For this reason, and some others, I’m going to give one of these Sun Fire x4540 storage servers a shot. They are mighty powerful in terms of CPU speed compared to a NetApp filer (six-core AMD Opteron. And you can have more than one!), but decidedly lacking in the traditional software support. However, you do get ZFS, and as you can read at Ben’s Cuddletech blog, you can do some pretty cool things with it. At any rate, VMware Data Recovery lets you do incrementalized, snapshot-based backups from within vSphere itself; it ships as a vCenter plug-in and looks to be a great thing. So, I’m going to give one of these Sun Fire servers a shot and see how I think it goes.

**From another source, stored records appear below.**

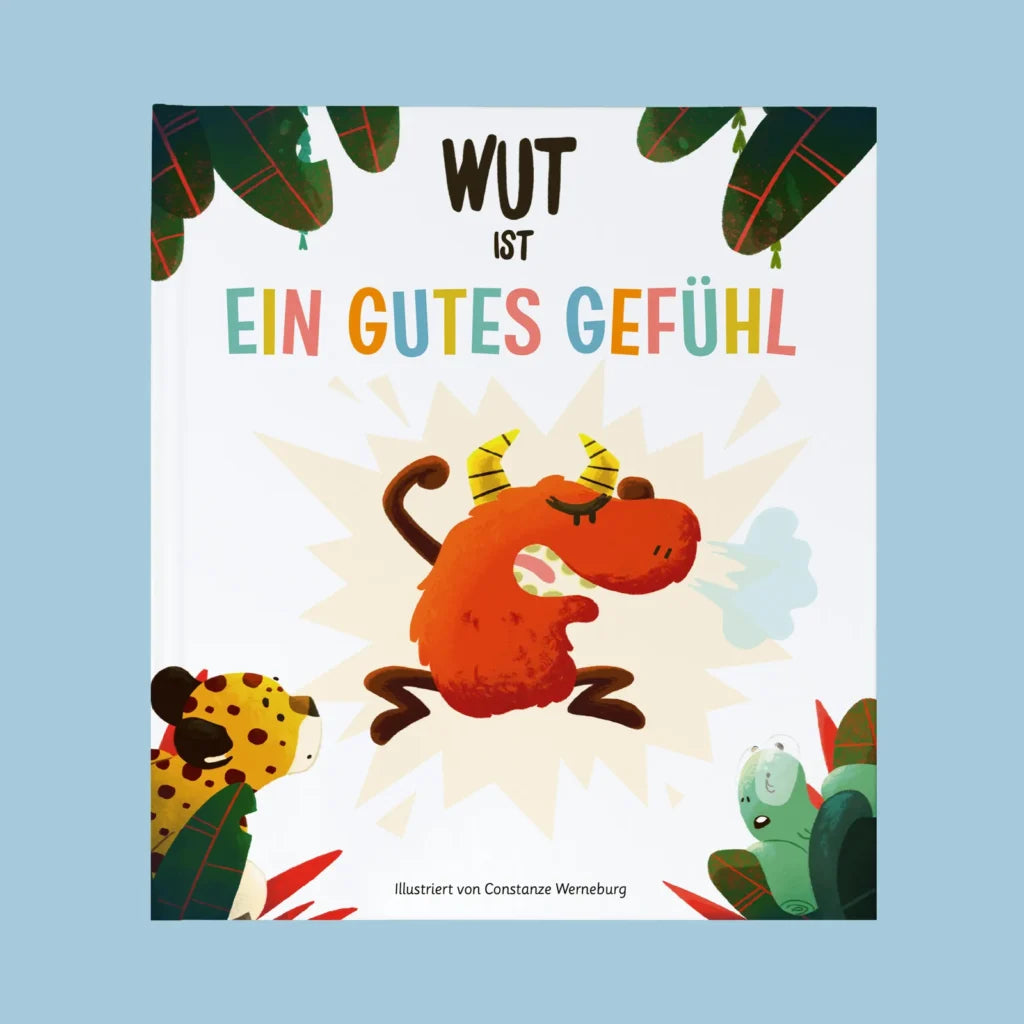 Wut ist ein gutes Gefühl – Achtsames Bilderbuch für Kinder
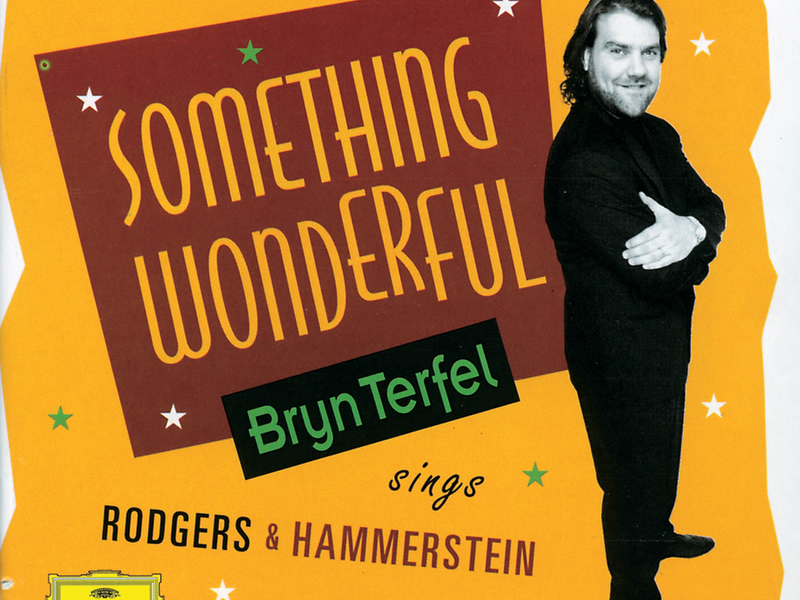 Bryn Terfel - Something Wonderful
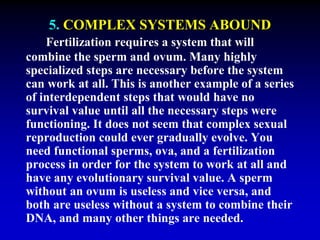 5. COMPLEX SYSTEMS ABOUND 
Fertilization requires a system that will 
combine the sperm and ovum. Many highly 
specialized steps are necessary before the system 
can work at all. This is another example of a series 
of interdependent steps that would have no 
survival value until all the necessary steps were 
functioning. It does not seem that complex sexual 
reproduction could ever gradually evolve. You 
need functional sperms, ova, and a fertilization 
process in order for the system to work at all and 
have any evolutionary survival value. A sperm 
without an ovum is useless and vice versa, and 
both are useless without a system to combine their 
DNA, and many other things are needed.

At this point, I’ve ordered a trial of the base model (8 CPUs, 32GB of RAM, 12TB of disk!) to see how it performs. I imagine I’ll leave Solaris on it, and simply use it to front some iSCSI and/or NFS LUNs (and store them in ZFS.) I presume that I’ll let VMware do most of the storage shenanigans via Data Recovery and its native support for snapshots, though I’ll probably take a look at how ZFS can do some of these things, too.